Write each line out exactly, from the one containing "Canterbury Accommodations With" through the final line of the data, and keep pictures out of the copy.

- [Raw data]
◆ ◆ ◆

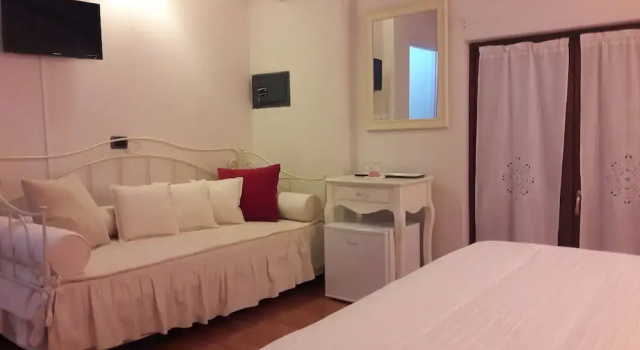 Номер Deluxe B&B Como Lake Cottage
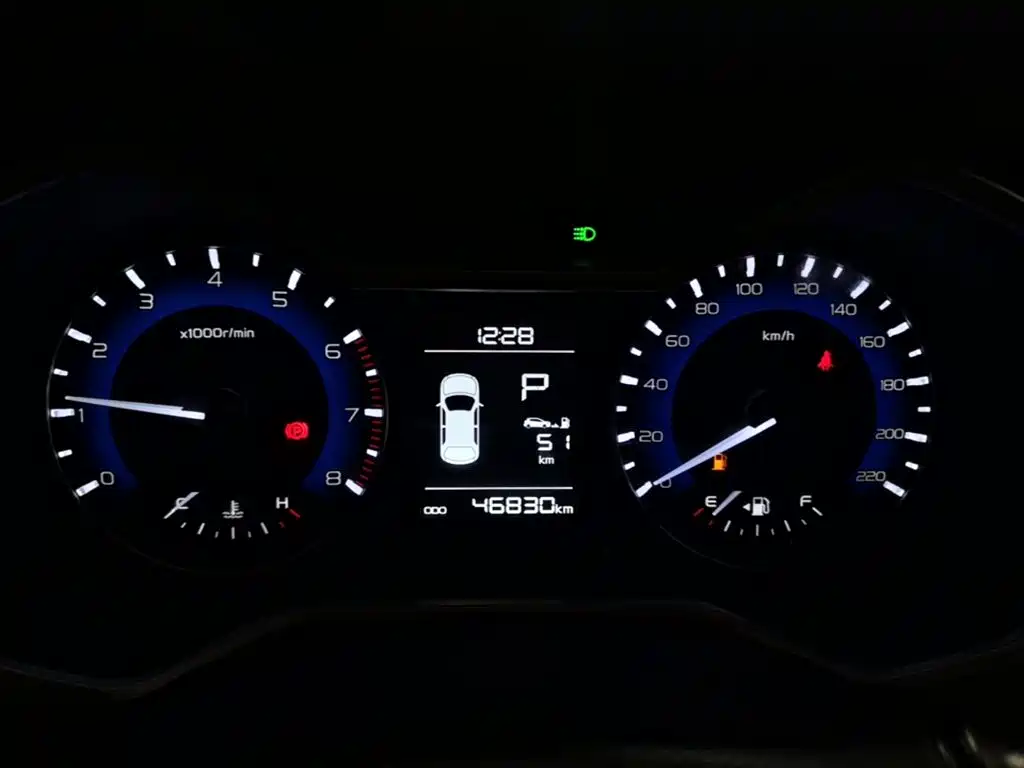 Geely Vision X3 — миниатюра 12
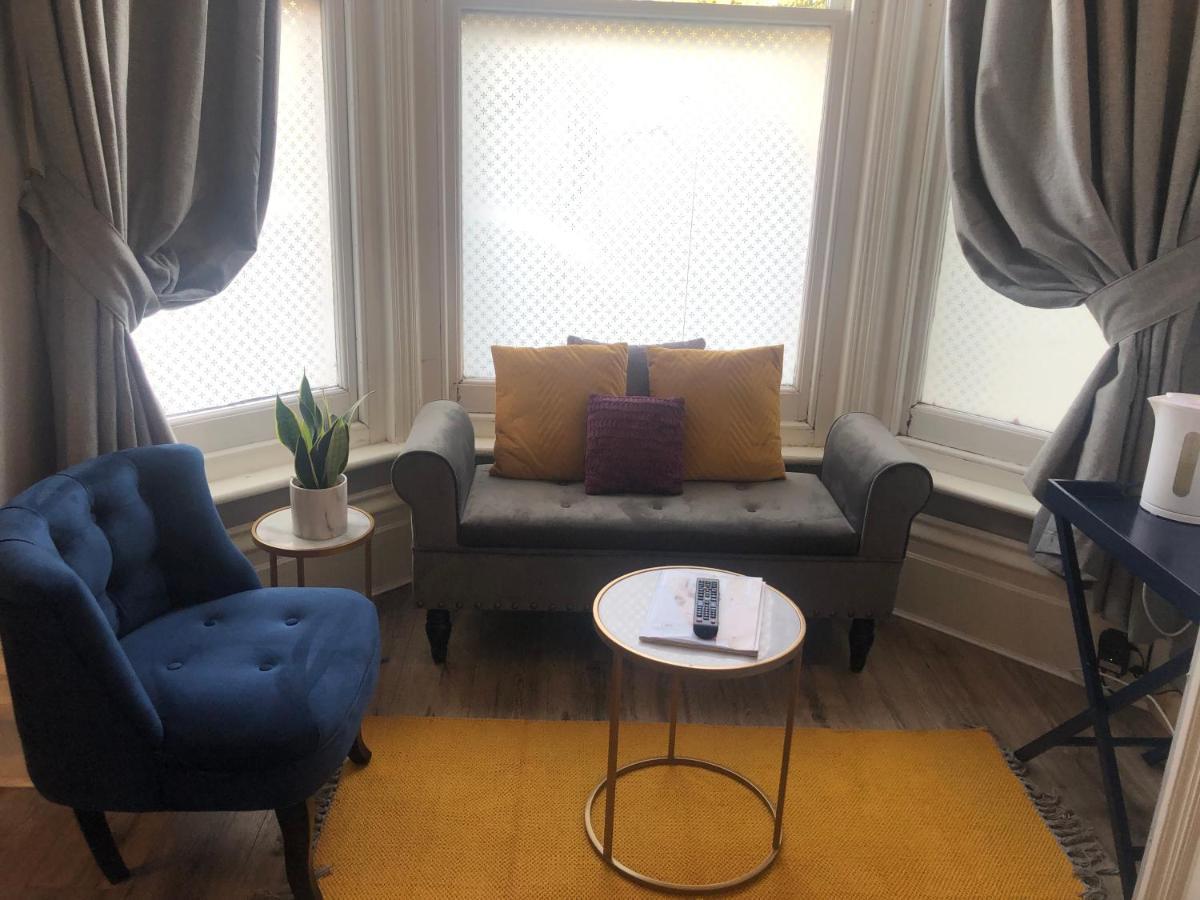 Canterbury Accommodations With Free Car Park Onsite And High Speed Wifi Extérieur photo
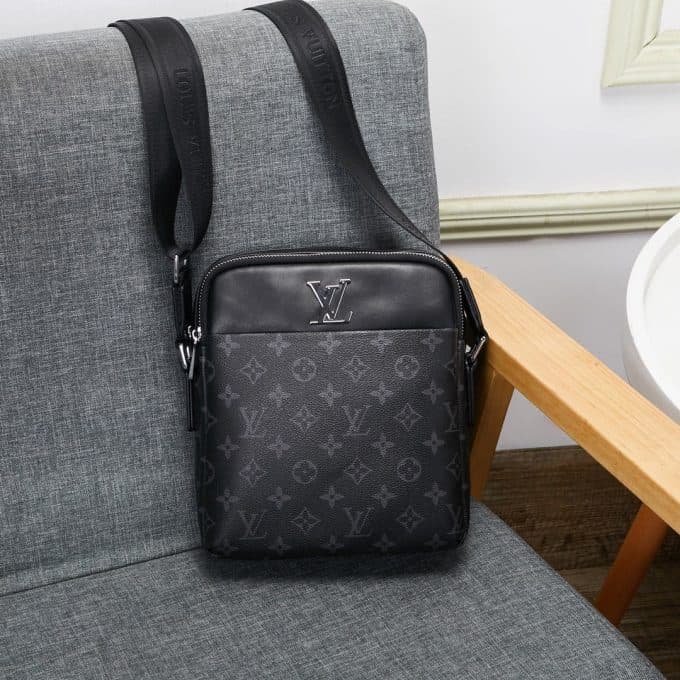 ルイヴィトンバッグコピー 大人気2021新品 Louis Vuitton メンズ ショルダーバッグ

◆ ◆ ◆

- [Response]
 Canterbury Accommodations With Free Car Park Onsite And High Speed Wifi Extérieur photo
 ルイヴィトンバッグコピー 大人気2021新品 Louis Vuitton メンズ ショルダーバッグ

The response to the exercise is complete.